Uniformed Firefighters Association President Steve Cassidy said response times to emergencies are a full minute more than what the Fire Department claims.

“A minute can be the difference between life and death,” Cassidy said. “The city has an obligation to report what the real response time is.”

Cassidy said the response times are being manipulated so the city can close 20 fire houses.

“You can lower your response times if you don’t count the time a 911 caller spends with a 911 operator,” Cassidy said.

Cassano agreed and said the Department doesn’t have the technology to count and include that time anyway. Currently, the Department considers response time from when the Fire Department is notified until it arrives at the scene, Cassano said.

Cassidy claims the FDNY has the data but refuses to report it because it would increase response times by a minute.

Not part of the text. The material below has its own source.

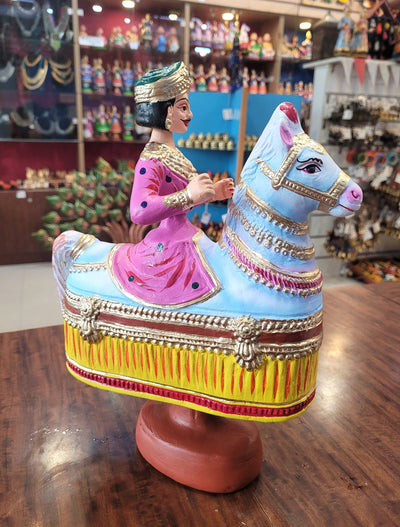 Poikkal Kuthirai Dancing Horse Man doll Pink And Yellow (12.5 H * 10 L * 4W) inches Thanjavur Thalayatti Bommai Tanjore Dancing Dolls Tamil Tradition new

Cassano released the following statement Wednesday:

“I have always strongly supported reporting complete and accurate response time information, and the Department has always been thoroughly transparent about how it calculates response times.

“Thanks to the city’s investment in new 911 technology, we will soon be able to report total ‘end to end’ response time data.  ‘End to end’ means from the time a caller’s phone ‘rings’ into the 911 system until the first FDNY unit arrives on the scene of an emergency.

“Fire response times have never been faster, and last year the city experienced the fewest fire deaths on record (58) and a 27 percent decrease in second-alarm fires.  That’s a testament to the fact we’re getting to fires faster, controlling them more quickly and preventing them from escalating further, which is a large part of how we’re able to save more lives than ever before.”